During his most recent episode of the Joe Budden Podcast, the former Love & Hip Hop star called out “girl rappers” while sharing his disdain for the bars after Cardi B released her highly-anticipated song, “Like What.”

“Y’all ain’t gonna want to hear it from me, but the girl rapper wave is over. Just telling you what it is,” Budden said. “The cream rises to the top, so Latto shall remain; Flo Milli shall remain; Rapsody will always be there, but she wasn’t really a part of [that scene]. But all of that, ‘Go find a girl, send her to Columbia, get it done, put her in the studio with f*cking Mike WiLL [Made-It] or any one of them n-ggas’—all that planting the girl in the scene, getting the record and it taking off—that wave is over.”

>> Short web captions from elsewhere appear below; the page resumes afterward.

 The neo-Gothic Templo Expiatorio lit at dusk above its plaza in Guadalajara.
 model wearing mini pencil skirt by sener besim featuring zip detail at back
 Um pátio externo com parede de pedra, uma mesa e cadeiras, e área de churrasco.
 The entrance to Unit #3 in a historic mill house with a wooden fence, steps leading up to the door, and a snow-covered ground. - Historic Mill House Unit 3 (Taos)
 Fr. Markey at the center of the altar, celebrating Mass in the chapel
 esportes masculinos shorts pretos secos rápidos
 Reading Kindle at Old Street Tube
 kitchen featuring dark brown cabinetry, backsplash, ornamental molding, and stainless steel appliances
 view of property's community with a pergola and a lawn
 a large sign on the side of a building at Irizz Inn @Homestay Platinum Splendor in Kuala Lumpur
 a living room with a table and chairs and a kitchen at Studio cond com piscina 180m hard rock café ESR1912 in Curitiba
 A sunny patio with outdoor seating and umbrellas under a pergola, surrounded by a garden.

Budden’s scorching hot take came on the heels of Cardi B’s “Like What (Freestyle),” in which during the show, he suggested that the Bronx-bred MC is “scared” to release her highly-anticipated album over fears of the potential backlash awaiting her.

“Cardi B is afraid, and I’m tired of just nobody saying it,” said Budden. “Cardi B is scared to come out, it don’t take this long to come out.”

While Budden made a few valid points regarding the carbon copy method currently being used by the industry across the board, asserting his opinion when women are dominating and their male counterparts are fighting for their lives and starving for mentors is disingenuous. The continued lack of true concern over the problematic messaging that pushes drug use, violence, and misogyny toward women in music and male-only podcast spaces aimed at men is alarming.

It also has to be noted that as a former artist, to see Budden play into the attempt to divide women in Rap from their male counterparts is not only reductive but also divisive in a genre that women had a major hand in co-creating. Then to announce that female rappers are “done” as if you have authority in the space is not only asinine but also egregious because it’s not supported by any facts.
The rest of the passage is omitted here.